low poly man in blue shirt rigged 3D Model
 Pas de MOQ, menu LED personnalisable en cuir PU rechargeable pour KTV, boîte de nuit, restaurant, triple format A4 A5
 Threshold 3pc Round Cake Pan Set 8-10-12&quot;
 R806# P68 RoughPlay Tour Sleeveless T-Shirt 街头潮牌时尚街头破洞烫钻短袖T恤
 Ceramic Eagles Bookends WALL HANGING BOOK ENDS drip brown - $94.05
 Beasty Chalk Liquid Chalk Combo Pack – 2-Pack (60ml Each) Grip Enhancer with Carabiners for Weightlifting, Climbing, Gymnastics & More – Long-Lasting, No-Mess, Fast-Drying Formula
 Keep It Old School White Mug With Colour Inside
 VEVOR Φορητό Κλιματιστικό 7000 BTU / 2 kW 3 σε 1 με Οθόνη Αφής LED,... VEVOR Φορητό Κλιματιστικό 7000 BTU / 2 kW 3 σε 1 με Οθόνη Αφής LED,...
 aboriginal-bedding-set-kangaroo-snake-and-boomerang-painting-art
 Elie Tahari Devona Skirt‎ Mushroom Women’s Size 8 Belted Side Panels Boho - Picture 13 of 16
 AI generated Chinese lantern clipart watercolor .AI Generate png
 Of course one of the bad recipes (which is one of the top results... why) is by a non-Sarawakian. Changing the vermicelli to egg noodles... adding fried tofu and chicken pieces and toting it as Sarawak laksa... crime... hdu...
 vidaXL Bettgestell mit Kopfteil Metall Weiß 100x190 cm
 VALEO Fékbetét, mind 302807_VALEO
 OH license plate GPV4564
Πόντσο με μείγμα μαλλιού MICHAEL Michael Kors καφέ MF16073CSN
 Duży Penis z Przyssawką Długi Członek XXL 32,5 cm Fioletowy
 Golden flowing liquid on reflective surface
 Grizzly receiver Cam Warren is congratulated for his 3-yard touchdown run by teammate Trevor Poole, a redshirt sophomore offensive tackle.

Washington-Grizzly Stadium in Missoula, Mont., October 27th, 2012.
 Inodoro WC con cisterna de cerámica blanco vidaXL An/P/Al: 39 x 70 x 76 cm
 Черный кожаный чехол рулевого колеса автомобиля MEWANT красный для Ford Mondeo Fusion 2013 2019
------------------------------------------------
#### WORK TO BE COMPLETED
Would you retype the lines above from the one with "OH license plate GPV4564" down to the one with "Golden flowing liquid on reflective surface", word for word, both ends included and no other lines?

#### TASK OUTPUT
 OH license plate GPV4564
Πόντσο με μείγμα μαλλιού MICHAEL Michael Kors καφέ MF16073CSN
 Duży Penis z Przyssawką Długi Członek XXL 32,5 cm Fioletowy
 Golden flowing liquid on reflective surface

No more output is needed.